Unique volcanic process found on Moon
A giant mound near the Moon's south pole appears to be a volcanic structure unlike any other found on the lunar surface, according to a new study that used data from the Moon Mineralogy Mapper, which flew aboard India's Chandrayaan-1 spacecraft in 2008.
Washington: A giant mound near the Moon's south pole appears to be a volcanic structure unlike any other found on the lunar surface, according to a new study that used data from the Moon Mineralogy Mapper, which flew aboard India's Chandrayaan-1 spacecraft in 2008.
The formation, known as Mafic Mound, stands about 800 meters tall and 75 kilometres across, smack in the middle of a giant impact crater known as the South Pole-Aitken Basin.

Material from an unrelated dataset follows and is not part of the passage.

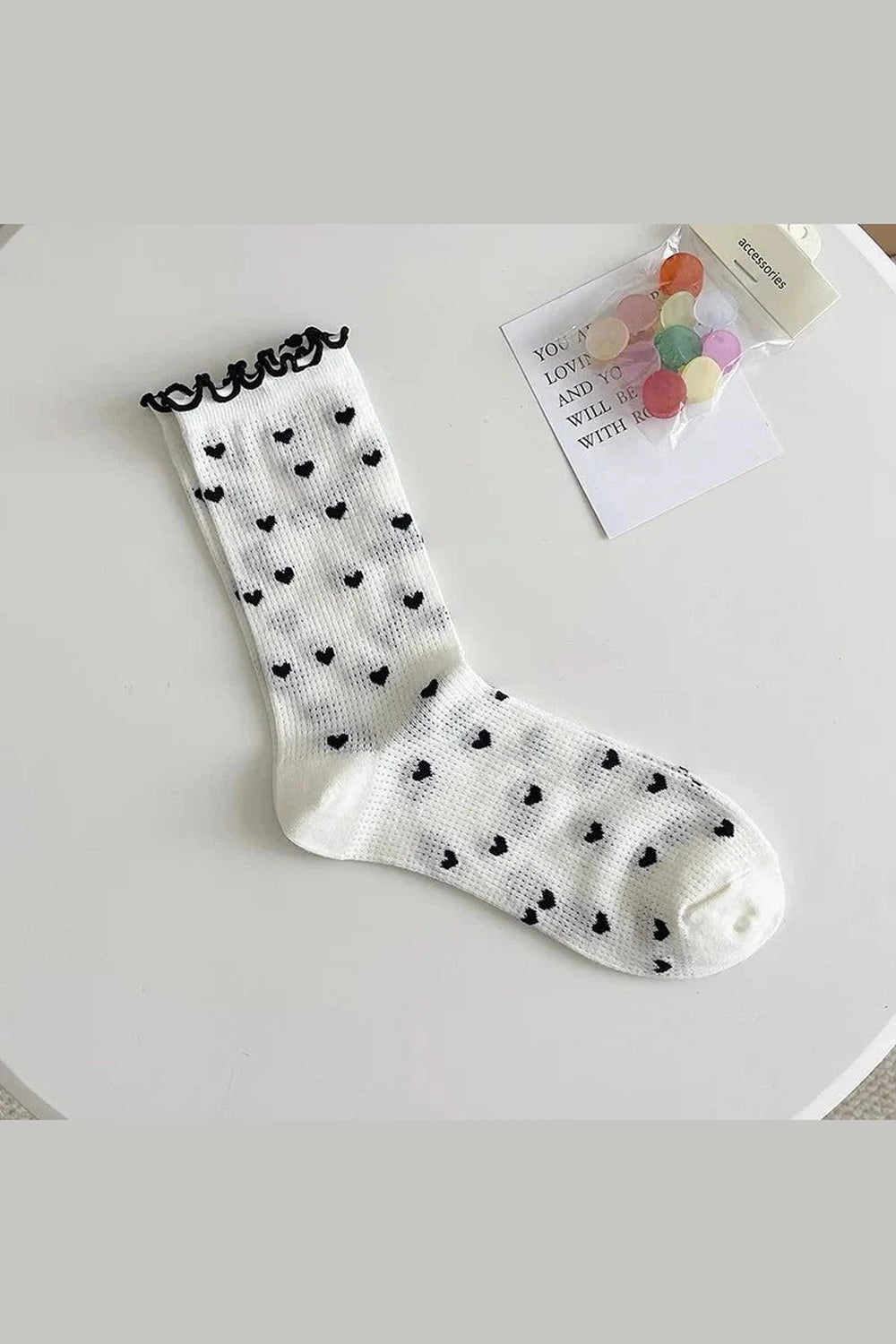 Y2k Colorful Dots Crew Socks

The study suggests that the mound is the result of a unique kind of volcanic activity set in motion by the colossal impact that formed the basin.
"If the scenarios that we lay out for its formation are correct, it could represent a totally new volcanic process that's never been seen before," said Daniel Moriarty, a PhD student in Brown University's Department of Earth, Environmental and Planetary Sciences and study's lead author.
Mafic Mound (mafic is a term for rocks rich in minerals such as pyroxene and olivine) was first discovered in the 1990s by Carle Pieters, a planetary geologist at Brown and Moriarty's adviser.
What makes it curious, other than its substantial size, is the fact that it has a different mineralogical composition than the surrounding rock. The mound is rich in high-calcium pyroxene, whereas the surrounding rock is low-calcium.
Moriarty and Pieters looked at a rich suite of data from multiple lunar exploration missions. They used detailed mineralogical data from the Moon Mineralogy Mapper, which flew aboard India's Chandrayaan-1 spacecraft.
NASA's Lunar Orbiter Laser Altimeter provided precise topographic data, and data from the GRAIL mission characterised gravitational anomalies in the region.
Those combined datasets suggested that Mafic Mound was created by one of two unique volcanic processes set in motion by the giant South Pole-Aitken impact.
An impact of that size would have created a cauldron of melted rock as much as 50 kilometres deep, some researchers believe.
As that sheet of impact melt cooled and crystallised, it would have shrunk. As it did, still-molten material in the middle of the melt sheet may have been squeezed out the top like toothpaste from a tube. Eventually, that erupted material may have formed the mound.
Such a process could explain the mound's strange mineralogy. Models of how the South Pole-Aitken melt sheet may have crystallised suggest that the erupting material should be rich in high-calcium pyroxene, which is consistent with the observed mineralogy of the mound.
Another scenario that fits the data involves possible melting of the Moon's mantle shortly after the South Pole-Aitken impact. The impact would have blasted tonnes of rock out of the basin, creating a low-gravity region.
The research appears in the journal Geophysical Research Letters.